- What this task involves: The line with "Mulheres elegantes de" through the last line of the entries: give these again exactly, and only these, without any pictures.
-*-*-
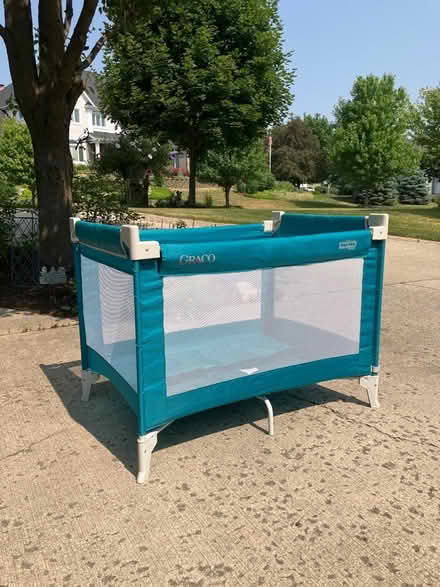 Photo of free Portable Graco Pack n Play pen (Carpentersville, west of river) #2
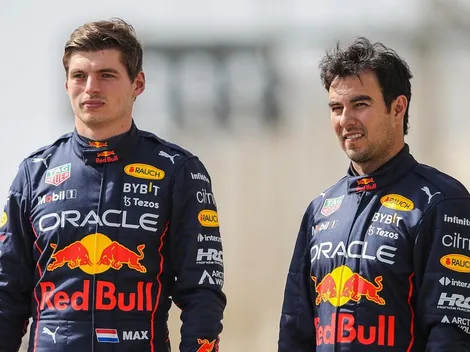 Verstappen, Checo y su esperanzador mensaje para Arabia Saudita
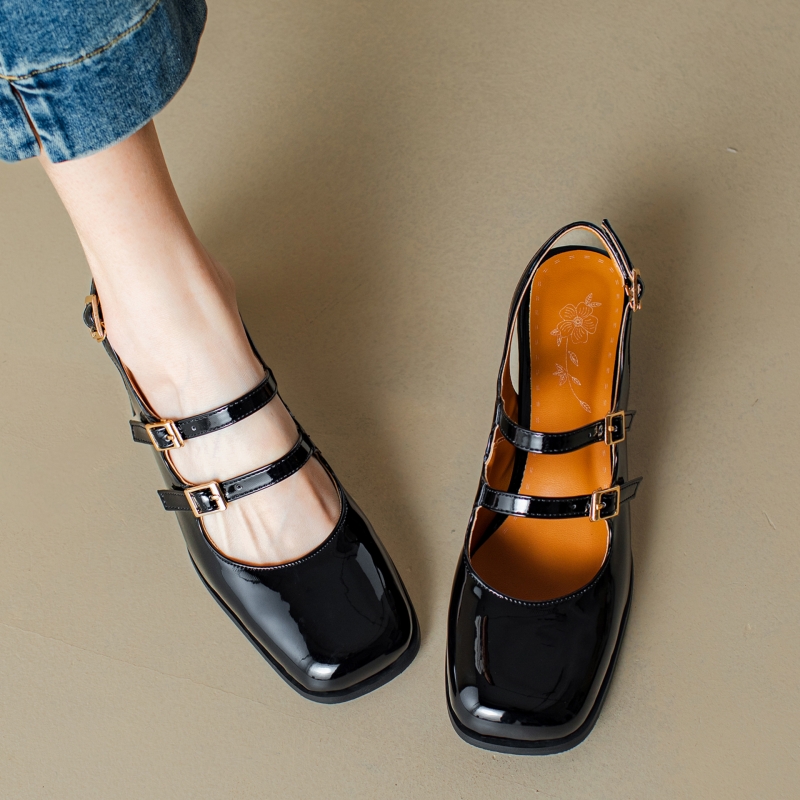 Mulheres elegantes de salto al - Leather Classic Strap avaliação e preço
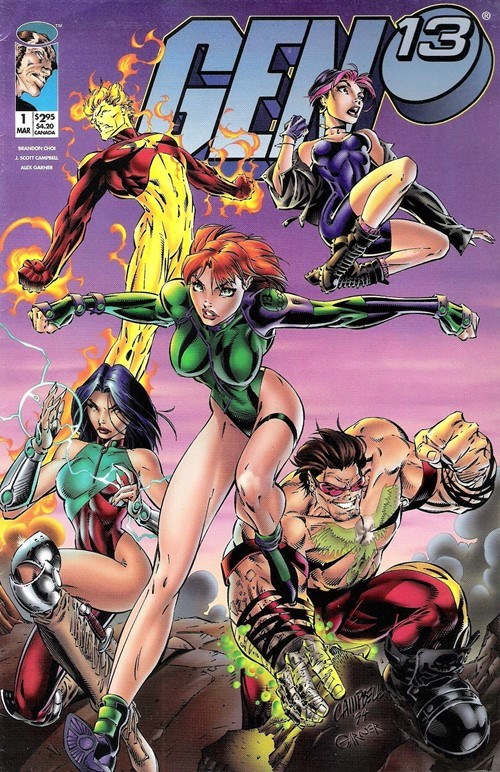 GEN 13 #1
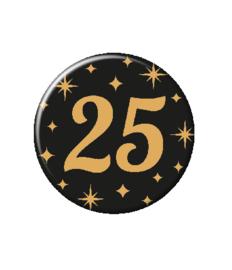 Classy Button 25 jaar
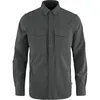 Image de FJALLRAVEN Abisko Trekking Shirt, Gris foncé, XL Homme
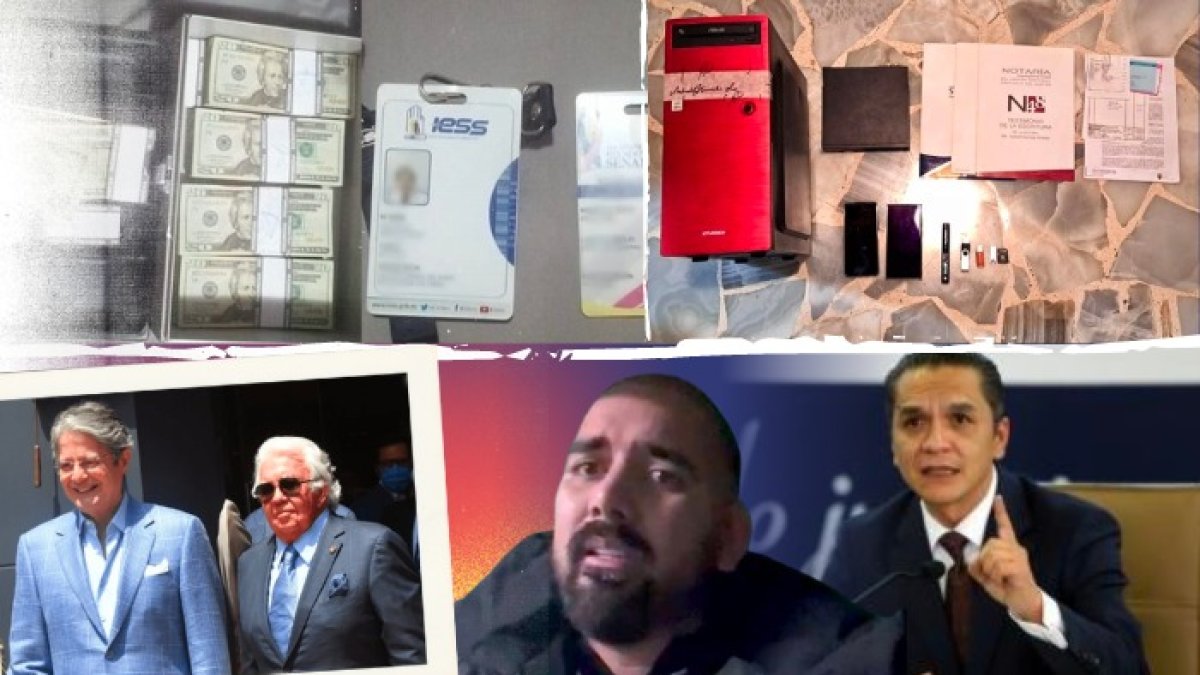 Corrupción. La justicia, el narcotráfico y la política han sido los frentes investigados en un mismo caso.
-*-*-
- Exercise result:
 Mulheres elegantes de salto al - Leather Classic Strap avaliação e preço
 GEN 13 #1
 Classy Button 25 jaar
 Image de FJALLRAVEN Abisko Trekking Shirt, Gris foncé, XL Homme
 Corrupción. La justicia, el narcotráfico y la política han sido los frentes investigados en un mismo caso.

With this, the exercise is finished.